The motif Prayer is a part of: Ritual
Faith, speech, words, ritual
Prayers in a religious sense of the word, are adressed to one or more gods, divine or sacred persons in anticipation of help, blessings or a good relationship.
There are prescribed prayers, e.g. the Lord's Prayer and Ave Maria, and there are prayers, which are spontaneous and individual. Both kinds are present in Andersen's tales.
The Moon hadn't shone for more than two weeks, and then at last I saw him again, round and clear above the slowly rising mass of clouds. Listen to what the Moon told me.
"I followed a caravan out of one of the towns of Fezzan.
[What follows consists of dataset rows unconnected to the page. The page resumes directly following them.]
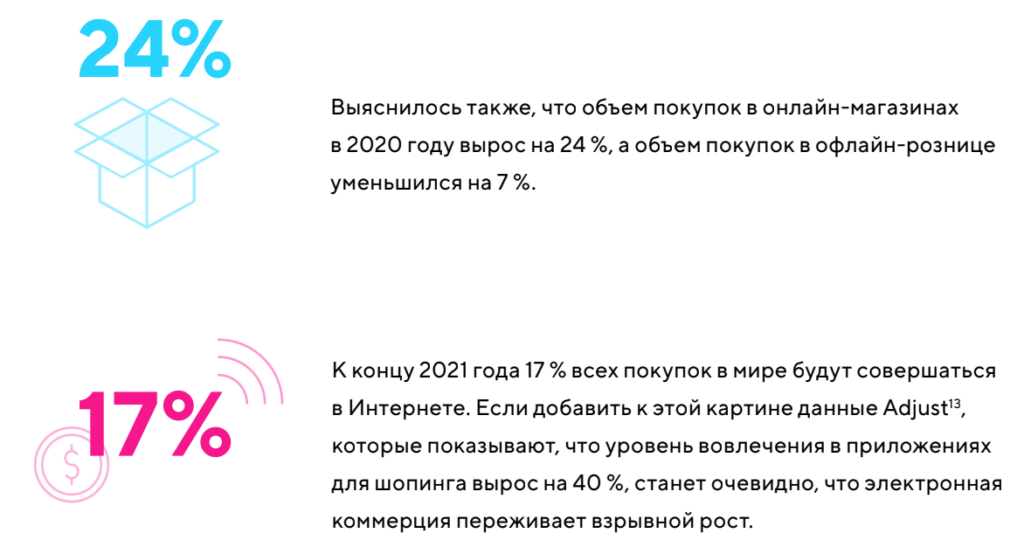 Тренды мобильных приложений 2021-2022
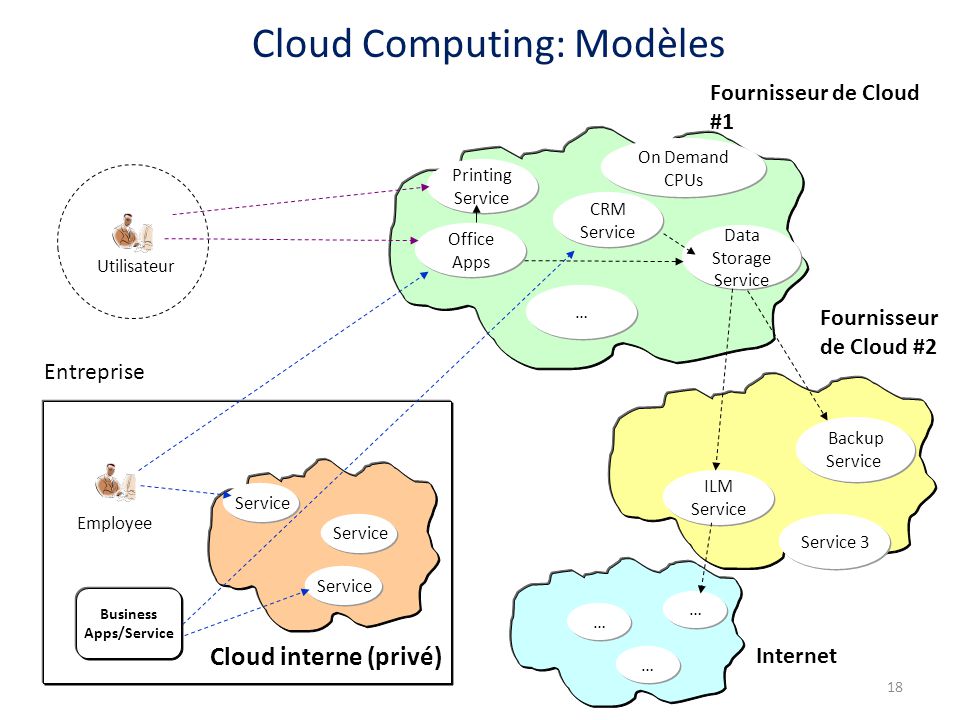 guillaume plouin cloud computing pdf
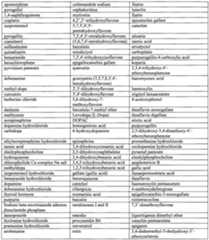 Figure imgf000034_0001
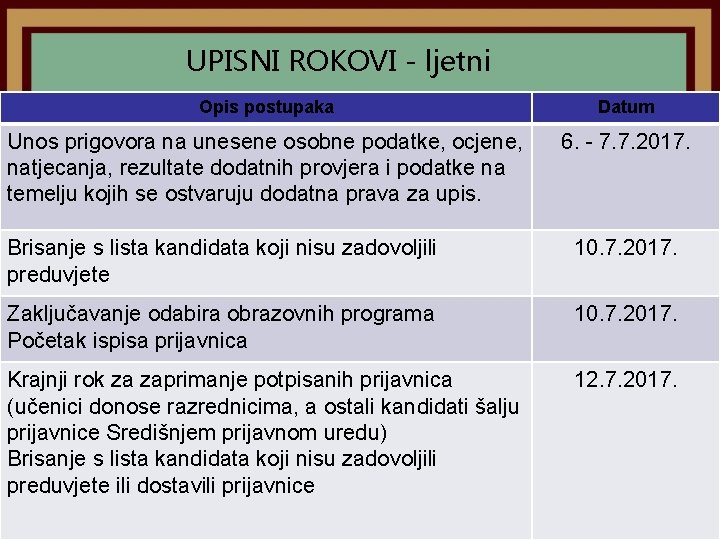 UPISNI ROKOVI - ljetni Opis postupaka Datum Unos prigovora na unesene osobne podatke, ocjene,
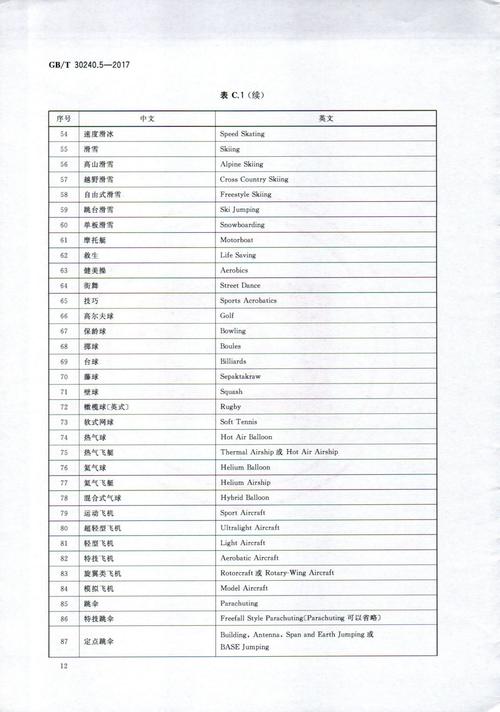 市场定位英文参考文献有哪些经典理论？-图3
The group halted near the sandy desert, on a salt plain, which glittered like an ice field, and was covered to but a small extent with the light drift-sand. The oldest man in the caravan, at whose girdle hung the water flask, and on whose head was a sack of unleavened bread, drew a square figure on the ground with his staff, and wrote inside it a few words from the Koran. Then the whole caravan passed over the consecrated spot. A young merchant, a son of the East, as I could see from his sparkling eyes and his handsome figure, rode thoughtfully on his white, snorting horse. Was he perhaps thinking of his pretty young wife at home? Only two days before, a camel, covered with costly furs and splendid shawls, had carried her, the lovely bride, around the walls of the city. Drums and bagpipes had sounded, and the women had sung, while all around the camel there had been rejoicing and gunshots, the greatest number of which the bridegroom had fired.
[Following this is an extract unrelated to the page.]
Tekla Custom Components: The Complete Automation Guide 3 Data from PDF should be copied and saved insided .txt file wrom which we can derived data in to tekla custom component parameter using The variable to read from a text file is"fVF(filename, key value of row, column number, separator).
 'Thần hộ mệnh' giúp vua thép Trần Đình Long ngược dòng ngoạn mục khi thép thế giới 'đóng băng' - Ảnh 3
"And now – now he was journeying with the caravan far away into the desert. I followed them on their way for many nights, and saw them rest beside the wells, under the palm trees. They plunged a knife into the breast of a camel that had fallen, and roasted the meat at the fire. My rays cooled the glowing sands, and showed them the black rocks, dead islands in the immense ocean of sand. They met no hostile tribes on their pathless route; no storms arose; no wave of sand whirled destruction over the caravan.
"At home the lovely young wife prayed for her husband and her father. 'Are they dead?' she asked my golden horn. 'Are they dead?' she asked my brilliant orb.
"Now the desert lies behind them. This evening they are camped beneath tall palm trees, with the crane flying about them on long wings and the pelican watching them from the branches of mimosa. The luxuriant underbrush is trodden by the heavy feet of elephants.
A troop of Negroes are returning from a market in the interior; the women, with indigo-blue skirts and their black hair decked with brass buttons, are driving heavily laden oxen, on which the naked black children are lying asleep. A Negro is leading, by a rope, a lion cub that he has bought. They approach the caravan.
"The young merchant sits silent and motionless, thinking of his beautiful wife; in this land of the blacks he is dreaming of his white and fragrant flower, far away across the desert; he raises his head. . . . "
A cloud, and then another cloud, passed across the face of the Moon. I heard nothing more from him that evening.